Credit definitely goes out to Wallace, who succeeds in putting together a highly emotional film, while preserving the dignity of the battle. The film is a visual stunner and is accompanied by so much of the hellish sound of gunfire that the horror of the battle is depicted in a way that would intimidate any would-be hero who has ever lacked respect for war veterans. Accompanied by a very eerie score and some great visual effects, this film quickly fell into my "must own" category.
THE EXTRAS
The bonus material on this DVD begins with a feature-length commentary by director/writer Randall Wallace. Wallace does talk a lot and provides a fair amount of information. While he may not be the most entertaining guy in the world, it's obvious that he is a very good talent and he does fill in a commentary track pretty well.

The commentary was followed by a 25-minute long featurette entitled "Getting it right" behind-the-scenes. We see a lot of the main players in there, including Wallace and Gibson, but another highlight is the series of interviews with some veterans (including Lt. Col. Hall Moore) of the battle who discuss it with us and the actors. Very interesting indeed. We also get into a fair amount of detail about other "behind-the-scenes" topics, including music, makeup, costumes, sets, visual effects and many others.

To close it all up, we have access to ten Deleted Scenes, available with or without commentary by Randall Wallace.
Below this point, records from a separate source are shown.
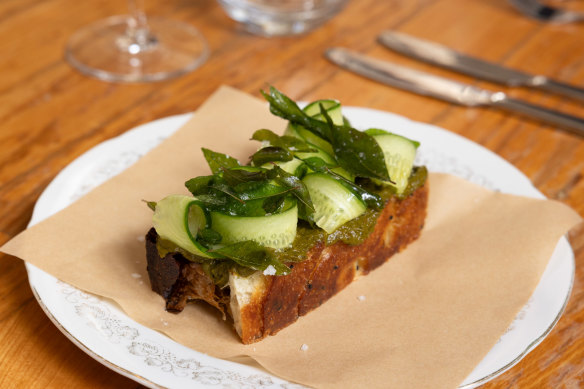 Nigella seed focaccia with bkeila, cucumber and fried curry leaf.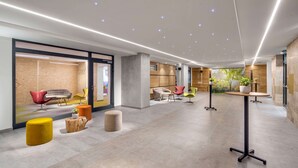 Um lobby moderno com layout espaçoso, com diferentes áreas de estar, uma receção e luz natural proveniente de amplas janelas.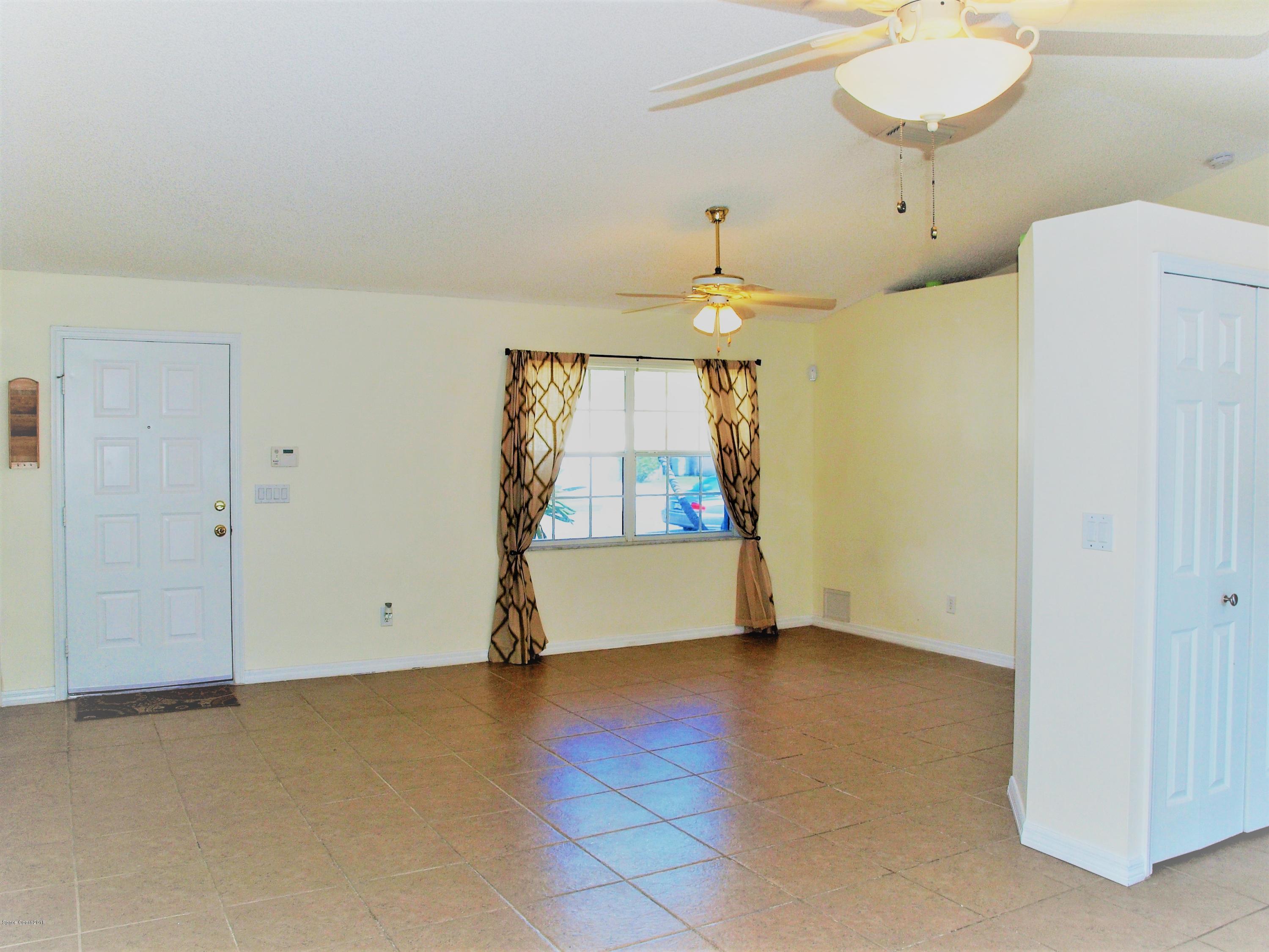 247 Crystal Lake Road Melbourne, FL 32901 - Photo 4 of 22 an empty room with a door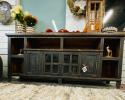 Wooden TV stand with cut out holes in the back for cords. Shelf the length of cabinet for your components and 4 doors with shelves behind them for movies and board games. The middle two doors have glass in them and it is all accented with rustic iron hardware.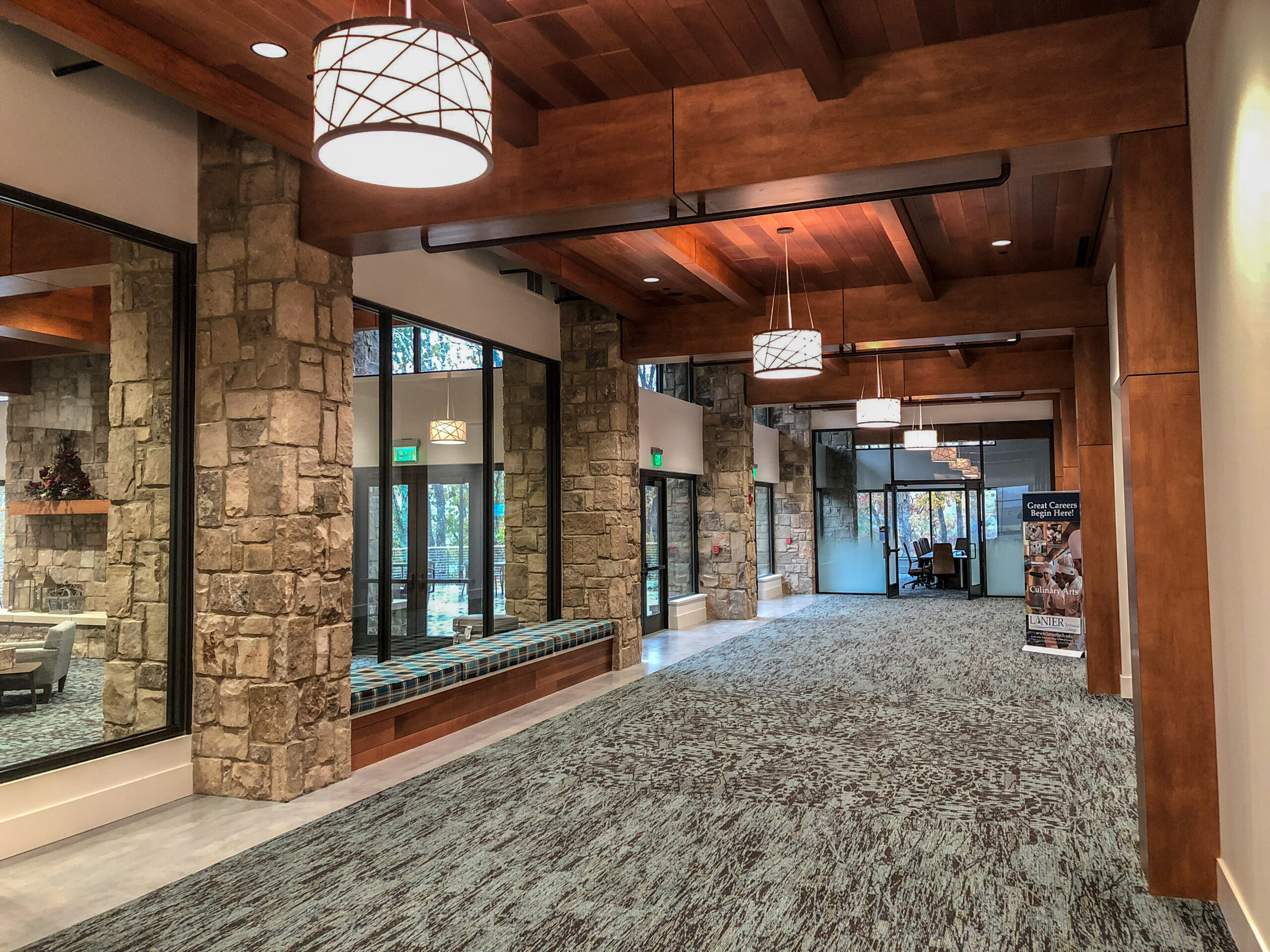 most beam ceilings that we appreciate have wood as a main feature. Often times wood grilles or linear wood will be used around a beam matched to the same finish color. 
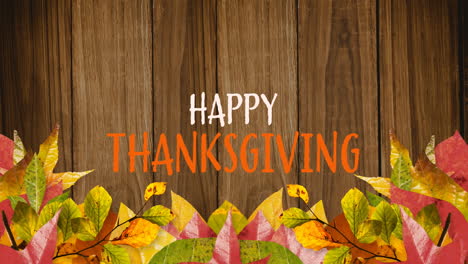 animation of happy thanksgiving overautumn leaves and wooden background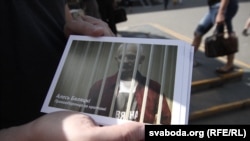 A supporter holds a flyer showing jailed rights activist Ales Byalyatski in Minsk.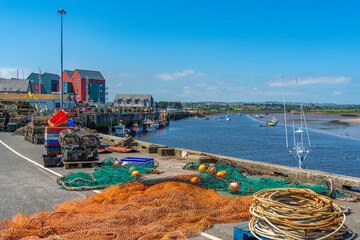 View of fishing nets on quayside and River Coquet at Amble, Morpeth, Northumberland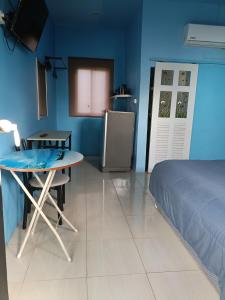 a room with a bed and a table and a kitchen at Chill land house in Bang Tao Beach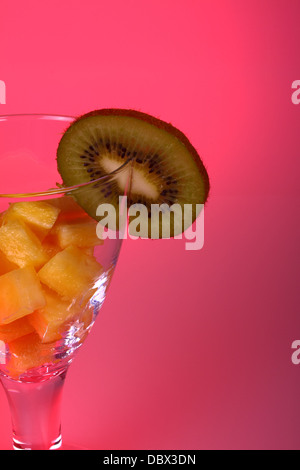 Glas mit gewürfelter Ananas und Kiwi mit einem rosa Hintergrund Stockfoto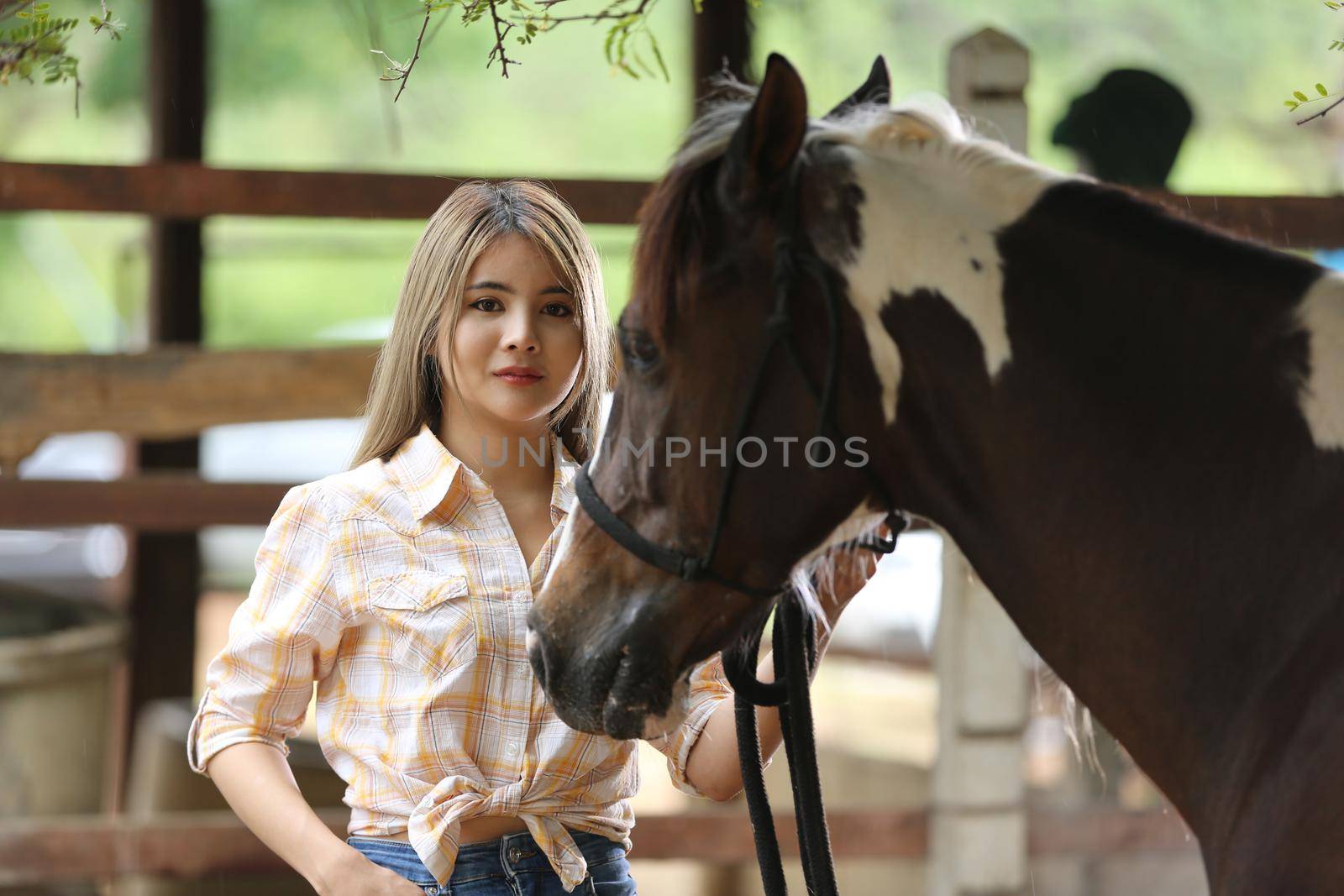 A woman in a cowgirl style sits in a horse ranch with a western farm environment.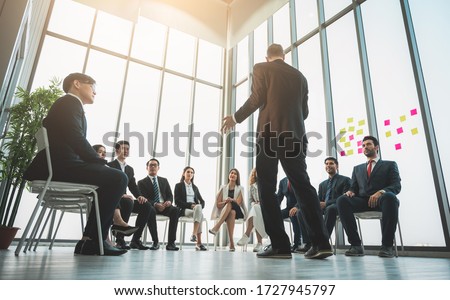 Business People Meeting Conference Discussion Corporate Concept in office. Team of newage Multiethnic Diverse Busy Business People in seminar Concept. Royalty-Free Stock Photo #1727945797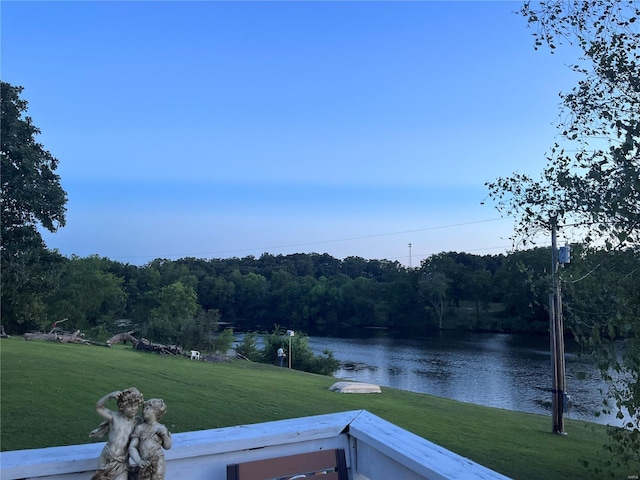 view of water feature with a view of trees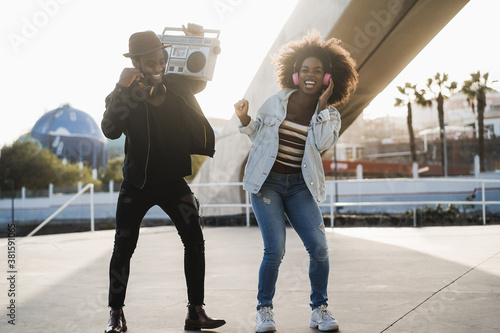 Cuadros en Lienzo African people dancing outdoor listening music from vintage boombox stereo - You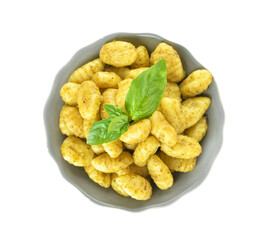 Bowl with tasty pesto gnocchi on white background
Some of them are actually quite long (upwards of 2 minutes) and pretty much all of them are good. Wallace's commentary, if you choose to listen to it, is actually quite informative about the reasons for each scene being deleted. One strange thing was that the Theatrical Trailer did not appear on the DVD.
FINAL DIAGNOSIS
This is the type of film that can be watched several times and still keep, at least, part of its emotional baggage with it. Very well made but the DVD extra features are a bit skimpy. Then again, if like myself you give more importance to the film than to its features...then it's a definitely worthy addition to any collection.